Die Ereignisse spitzen sich zu, als der Holocaust in die Endphase tritt und aus Berlin der Befehl kommt, die jüdischen Arbeiter nach Auschwitz zu bringen. Als Göth die Leichen der bereits gestrobenen Juden ausgräbt und verbrennt, entdeckt Schindler zum zweiten Mal das kleine Mädchen im roten Mantel – doch nun ist sie tot. Dieses Erlebnis schließt den Charakterwandel Schindlers ab. Er bietet Göth eine Million Reichsmark aus der eigenen Kasse, um eine Liste mit Namen aufsetzen und vorlegen zu können. Es gelingt ihm, etwa 1.100 Juden auf diese Weise freizukaufen und in seine alte Heimat Brünnlitz zu schaffen. Dabei kommt es noch zu einem Zwischenfall, der unheimlich dramatisch und packend inszeniert ist: Während die Züge mit den männlichen Schindler-Juden in Brünnitz ankommen, werden die Frauen irrtümlicherweise doch nach Auschwitz verfrachtet. Schindler eilt ins Vernichtungslager, besticht dort Rudolf Höß und kann schließlich auch die Frauen aus den Fängen des Holocausts retten.
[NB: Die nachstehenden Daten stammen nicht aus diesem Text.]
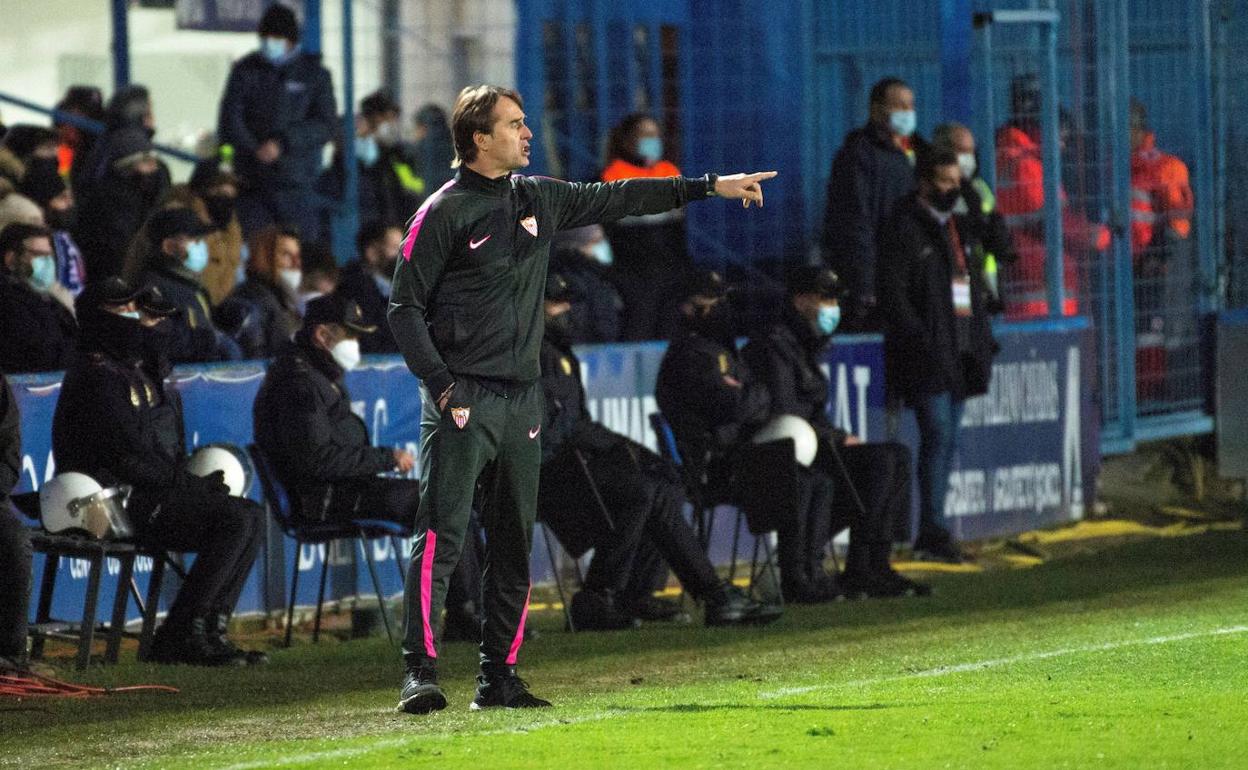 Sevilla-Real Sociedad: Lopetegui augura «un partido precioso» y alaba a Imanol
Die Rote Armee befreit am Ende des Films Polen und Schindler muss – da er ja NSDAP-Mitglied ist – zunächst fliehen. Die 1.100 jüdischen Arbeiter, die auf Schindlers Anweisung hin die letzten Monate vor Kriegsende die Herstellung von Patronenhülson boykottierten, unterschreiben allesamt einen Brief, welcher erklärt, was geschehen ist. Außerdem schenken sie ihrem Retter einen Ring mit einem Zitat aus dem Talmud: „Wer nur ein Menschenleben rettet, rettet die ganze Welt.“ Der zu Tränen gerührte Schindler, der sein gesamtes Vermögen als Bestechungsgeld verwendet hat, um Juden zu retten, blickt auf seinen Wagen: Noch zehn weitere Menschen hätte er retten können, wenn er es hergegeben hätte. Dies ist eine unglaublich intensive Szene, die in diesem Moment stark auf die hohe Schauspielkunst Liam Neesons baut.

„Schindlers Liste“ endet mit Aufnahmen der heutigen Schindler-Juden, die – gemäß jüdischer Tradition – Steine auf das Grab Oskar Schindlers legen. Dabei treten auch Personen vor die Kamera, die im Film dargestellt wurden. Hier schließt sich der Kreis und der Zuschauer wird in den Abspann entlassen, welcher von der großartigen Musik von John Williams untermalt wird. Dass nun alles außer der Höchstwertung ausgeschlossen ist, wird jeder verstehen, der „Schindlers Liste“ kennt, beziehungsweise den Film bis zum Ende verfolgt hat.